For this week's Flash! Friday, the novel prompt was Macbeth. So of course, my story HAD to feature a death, or two. In case you'd forgotten all the details of the Bard's classic tale of treachery, here are the elements we had to incorporate.
* Conflict: man v man (not gender specific, even though pretty much all the women in this play DIE)
* Character (choose at least one): an ambitious general, an overly ambitious wife, a soothsayer, a doomed king, a drunk porter
* Theme (choose one): ambition, dangers of power, fate vs free will
* Setting (choose one): a battlefield; a castle; a cavern; a mysterious forest
Here is the photo we could have used.
I came up with the idea for the second one below first. But I knew it would be more metaphorical. (Or maybe it's allegorical.) And I wanted a concrete, straightforward story as well. That led to "Events Triggered"
It wasn't supposed to end like this. Of
course, when naïveté
and firearms are thrown together, things rarely go as planned.
For years, my husband begged me to come
along on a hunting trip, despite my professed incompetence – no,
clumsiness – with guns. Finally I tired of the badgering and
relented.
He decided I should learn "in the
field," rather than on a shooting range. He tried to coach me,
to reassure me. But my hands wouldn't stop shaking. The second I
pulled the trigger, we both realized this whole thing had been one
big mistake.
Screaming for help was no use. Couldn't
call 911, either. Zero bars.
Then the other hunter stumbled upon us.
He saw my husband lying there, bleeding. "Let me get help,"
he said, pulling out a satellite phone. The bullet between his eyes
made me a double murderer. I hated taking an innocent, but he would
have ruined my plan, my perfect plan.
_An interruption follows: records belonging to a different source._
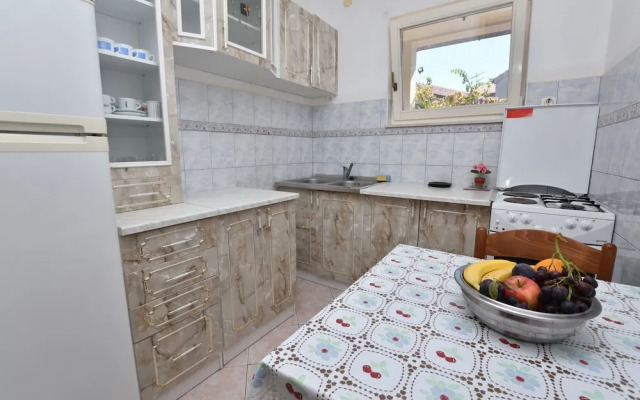 Apartments and Rooms Jakov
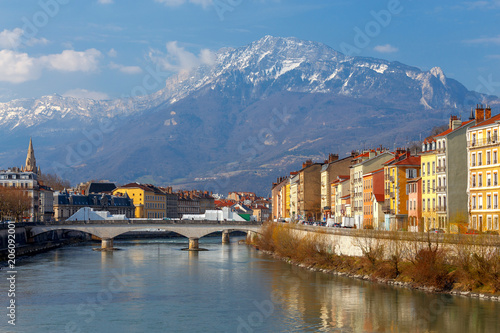 Grenoble. The city embankment.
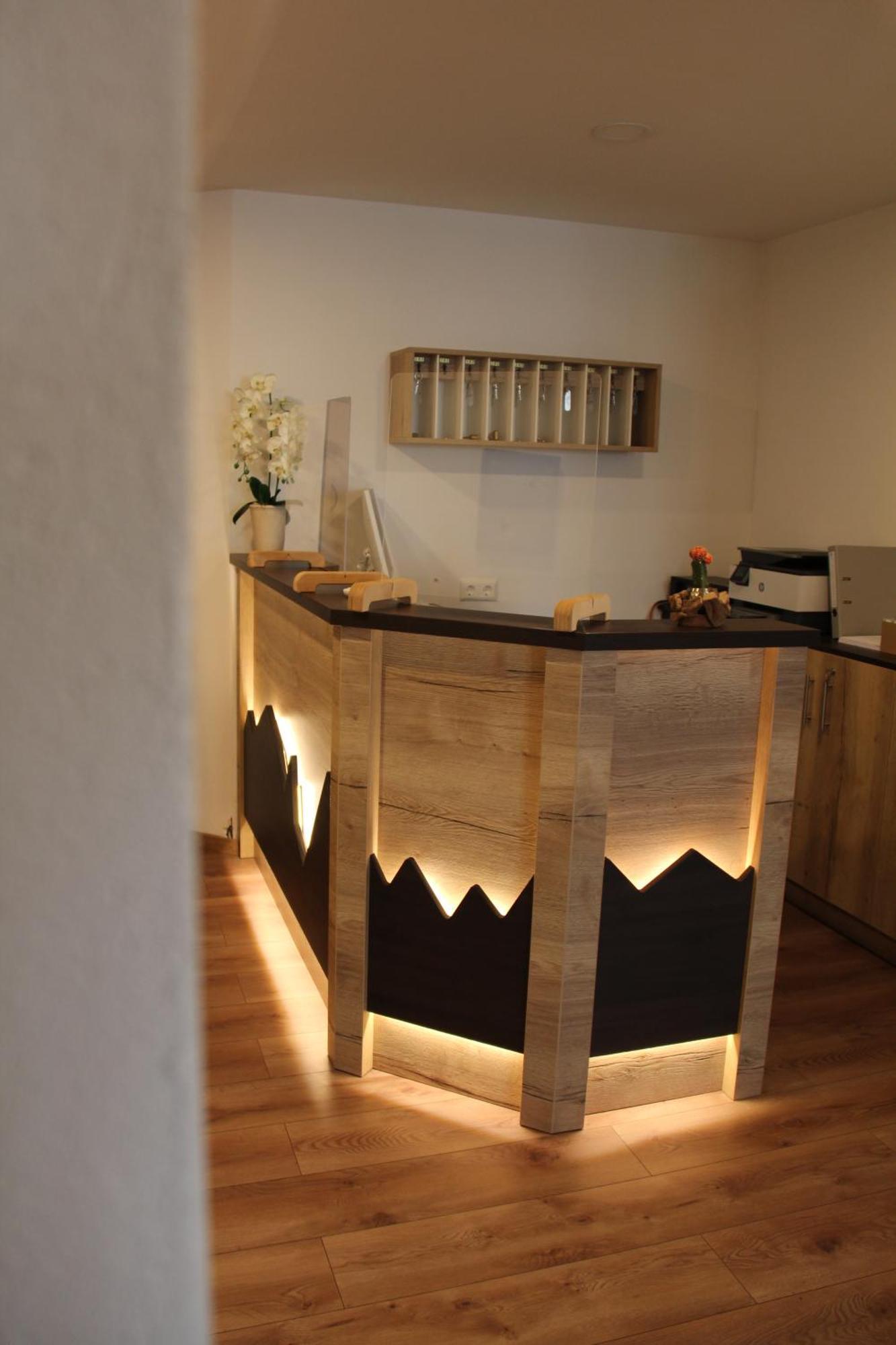 Hotel Restaurant Adria Kroatien Bad Ems Eksteriør billede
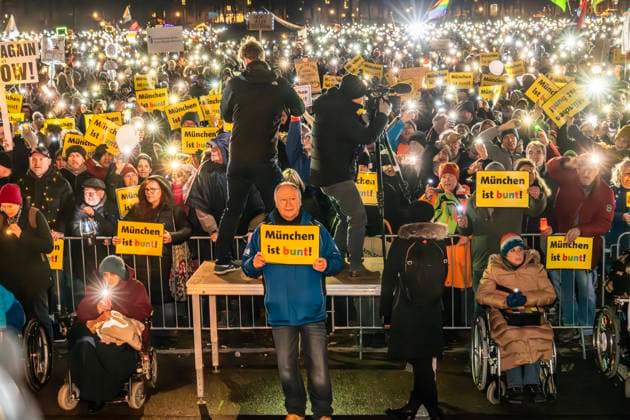 Bilder des Jahres 2024, News 02 Februar News Themen der Woche KW06 News Bilder des Tages Lichtermeer für Demokratie, Kundgebung gegen Rassismus, Antisemitismus und Hetze, Theresienwiese, München, 11. Februar 2024 Deutschland, München, 11. Februar 2024, Lichtermeer für Demokratie, Kundgebung gegen Rassismus, Antisemitismus und Hetze, ca. 100.000 Teilnehmer mit Lichtern auf der Theresienwiese, ab 18 Uhr, Veranstalter Fridays for Future und ein breites Aktionsbündnis zivilgesellschaftlicher Initiativen und Organisationen, dabei Lichterkette e.V., Bellevue di Monaco, München ist bunt! und vielen mehr,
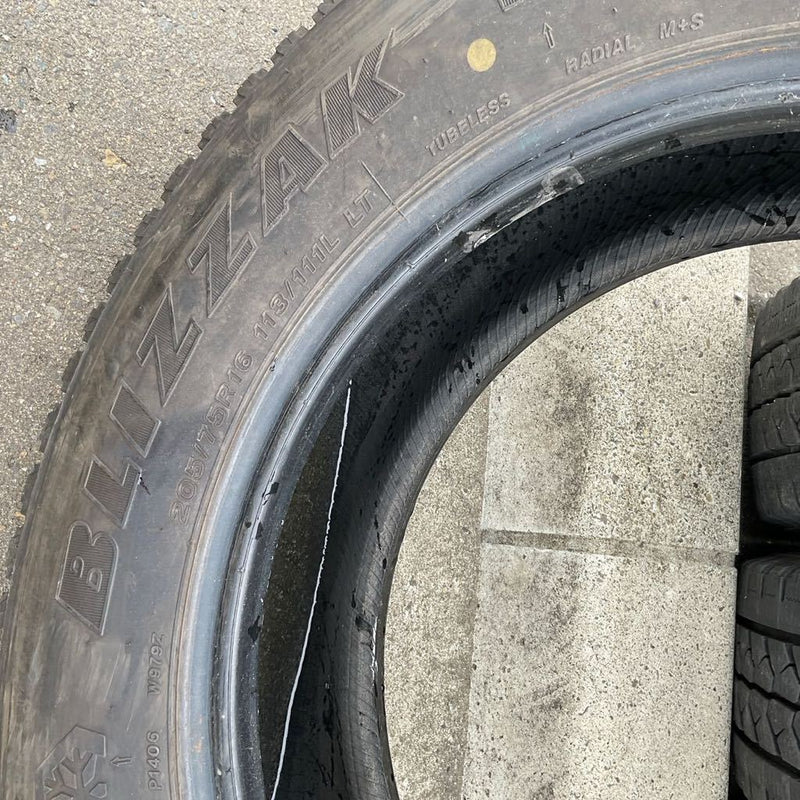 205/75R16 113/111 LT BRIDGESTONE 地山中古　 2018UP　激安美品　4本セット：16000円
I should be living the life of
a rich widow now. No, it wasn't supposed to end like this.
"Does the condemned have any other
last words?" the warden asked.
"Yes," I said. "Please
tell your executioners to hit my heart. Quick deaths are so much more
humane."
Since the scene with the drunken porter is one of my favorites, I tried to think about how to base a story on him. I started with the first stanza you see below. Then while cooking dinner, I brain-wrote the rest of "Collections."
Knock, knock, knock! Who's there,
i' the name of Beelzebub?
I rehearse my favorite Shakespearean
line as I push my luck down the street in a rickety shopping cart.
The daily migration of empty human casing scurrying through life
circumnavigates around me. Insanity, I have found, is a comforting
buffer against humanity.
I derive a certain twisted amusement
from watching them, and contemplating the inherent irony in knowing
that they prefer their lives, their demons over mine. The devil you
know, I suppose.
I collect whatever tickles my fancy.
One man's trash is another man's pleasure. Into my cart go the
unpunished good deed. The occasional good intention, which comes in
handy, as my road desperately needs paving.
And souls. The people in this city
rarely use them, and won’t miss them.
Until Judgment Day.
But by then, it will be too late.
Knock, knock! Who's there, in the
other
devil's name? Faith, here's an
equivocator...
Faith is a funny thing. People ignore
it, then manage to lose it, like spare change in the couch cushions.
They vow to find it. Some day. But the devil is in the details.
And walking down the street in their
midst.
So which is your favorite play by Shakespeare?